• **EXERCISE DETAILS**: A letter-for-letter copy of the listing is required, with no pictures in it.

• **EXERCISE DATA**:
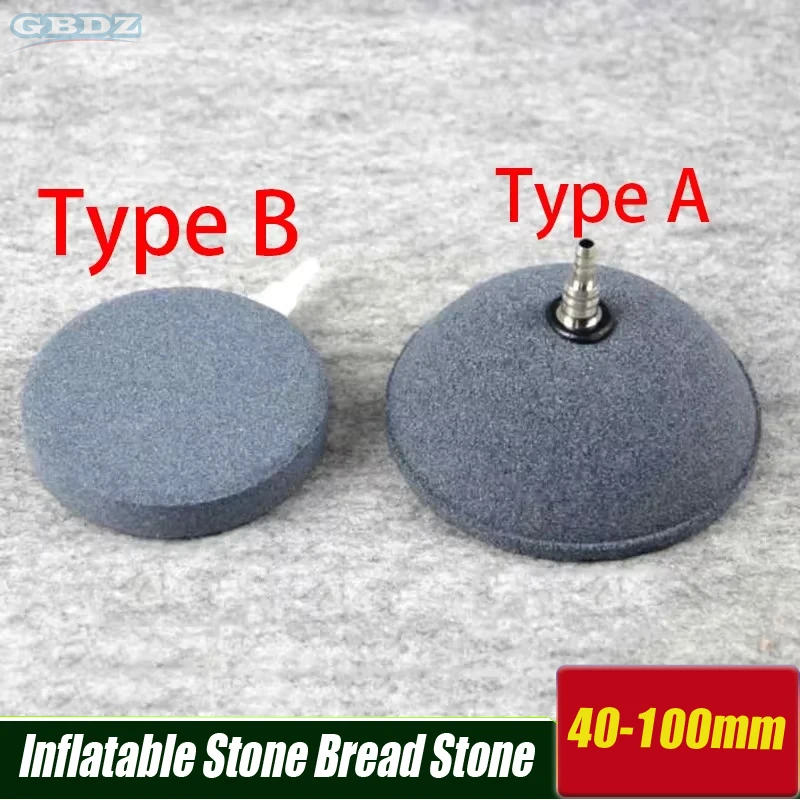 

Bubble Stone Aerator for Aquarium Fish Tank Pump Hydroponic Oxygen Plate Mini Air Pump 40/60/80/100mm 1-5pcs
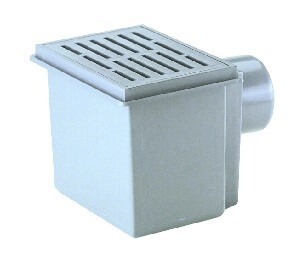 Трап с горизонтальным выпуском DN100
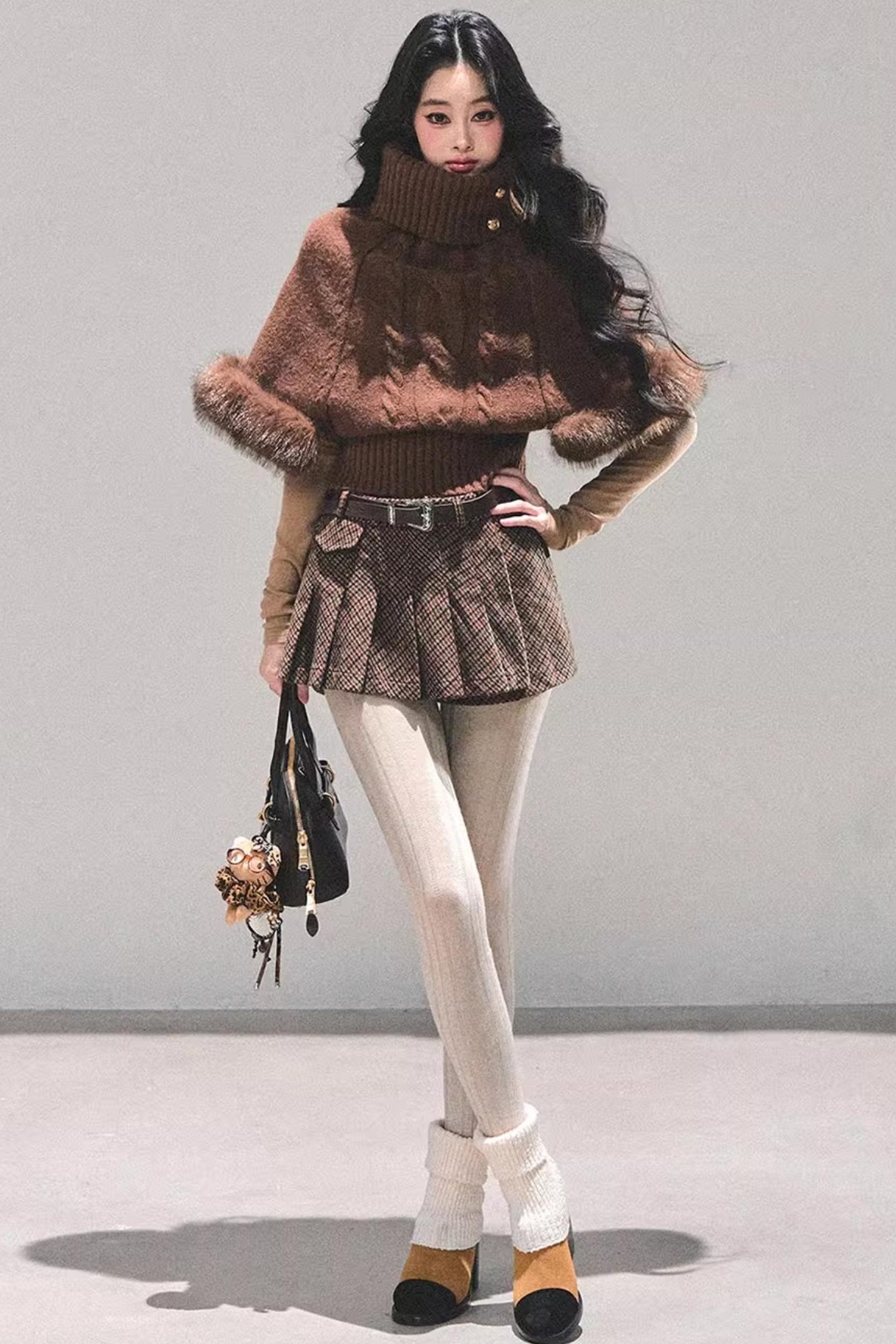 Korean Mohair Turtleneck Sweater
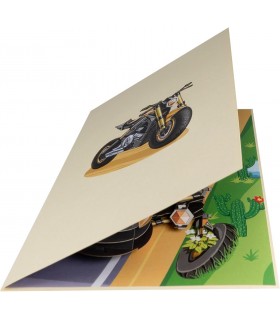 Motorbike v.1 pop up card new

• **EXERCISE ANSWER**:
Bubble Stone Aerator for Aquarium Fish Tank Pump Hydroponic Oxygen Plate Mini Air Pump 40/60/80/100mm 1-5pcs
 Трап с горизонтальным выпуском DN100
 Korean Mohair Turtleneck Sweater
 Motorbike v.1 pop up card new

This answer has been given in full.